▸ **What needs to be done**:
Repeat all of the records exactly, leaving out the pictures.

Image-text web data
______

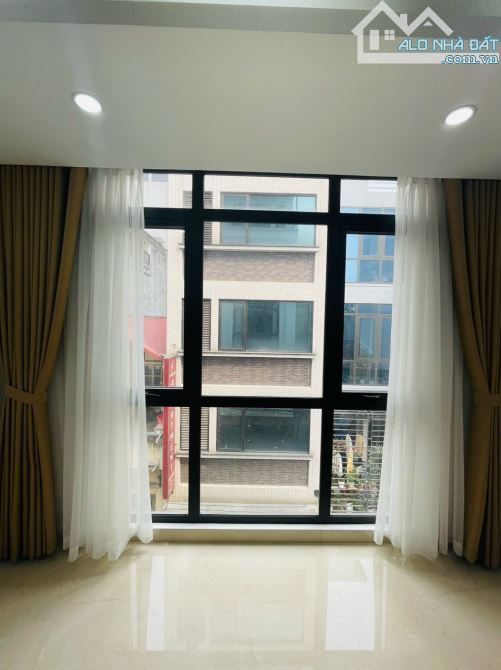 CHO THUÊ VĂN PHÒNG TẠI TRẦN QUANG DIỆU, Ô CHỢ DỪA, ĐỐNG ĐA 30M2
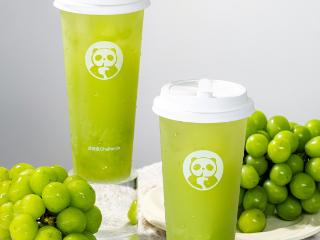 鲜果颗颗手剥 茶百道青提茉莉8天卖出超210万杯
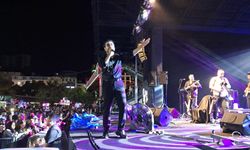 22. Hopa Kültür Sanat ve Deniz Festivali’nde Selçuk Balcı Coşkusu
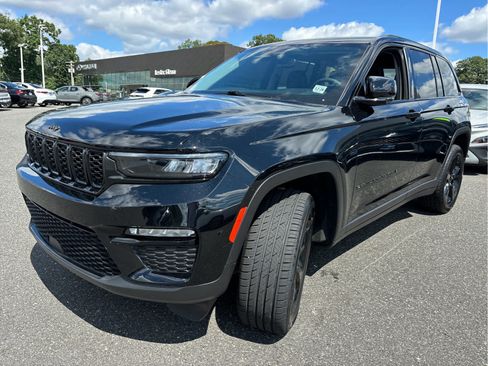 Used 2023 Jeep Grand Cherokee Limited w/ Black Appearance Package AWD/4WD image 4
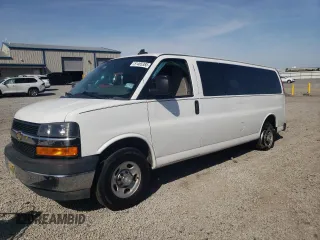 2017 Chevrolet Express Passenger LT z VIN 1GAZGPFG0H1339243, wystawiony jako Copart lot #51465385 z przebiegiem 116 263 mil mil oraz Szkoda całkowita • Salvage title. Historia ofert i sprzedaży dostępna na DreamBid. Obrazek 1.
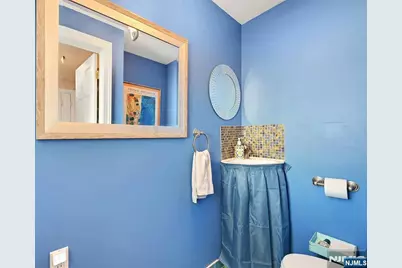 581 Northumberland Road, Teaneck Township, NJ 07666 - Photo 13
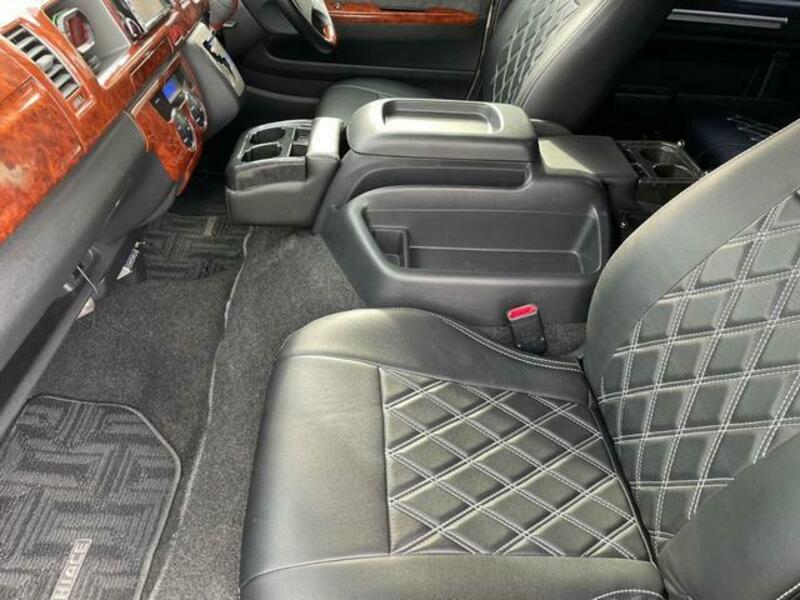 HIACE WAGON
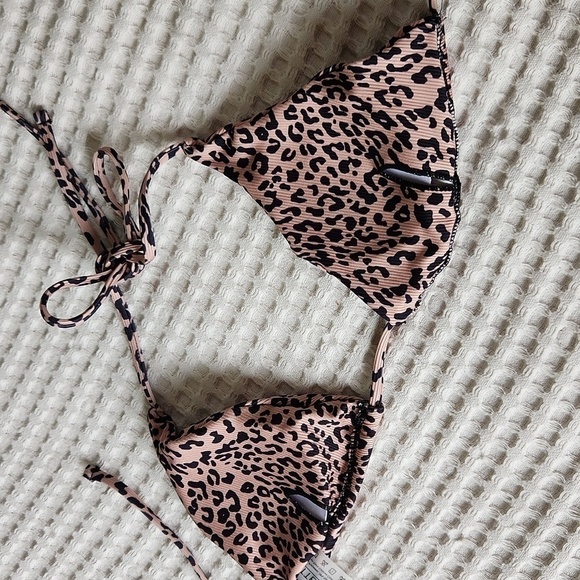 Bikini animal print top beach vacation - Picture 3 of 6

______

▸ **Answer to the exercise**:
 CHO THUÊ VĂN PHÒNG TẠI TRẦN QUANG DIỆU, Ô CHỢ DỪA, ĐỐNG ĐA 30M2
 鲜果颗颗手剥 茶百道青提茉莉8天卖出超210万杯
 22. Hopa Kültür Sanat ve Deniz Festivali’nde Selçuk Balcı Coşkusu
 Used 2023 Jeep Grand Cherokee Limited w/ Black Appearance Package AWD/4WD image 4
 2017 Chevrolet Express Passenger LT z VIN 1GAZGPFG0H1339243, wystawiony jako Copart lot #51465385 z przebiegiem 116 263 mil mil oraz Szkoda całkowita • Salvage title. Historia ofert i sprzedaży dostępna na DreamBid. Obrazek 1.
 581 Northumberland Road, Teaneck Township, NJ 07666 - Photo 13
 HIACE WAGON
 Bikini animal print top beach vacation - Picture 3 of 6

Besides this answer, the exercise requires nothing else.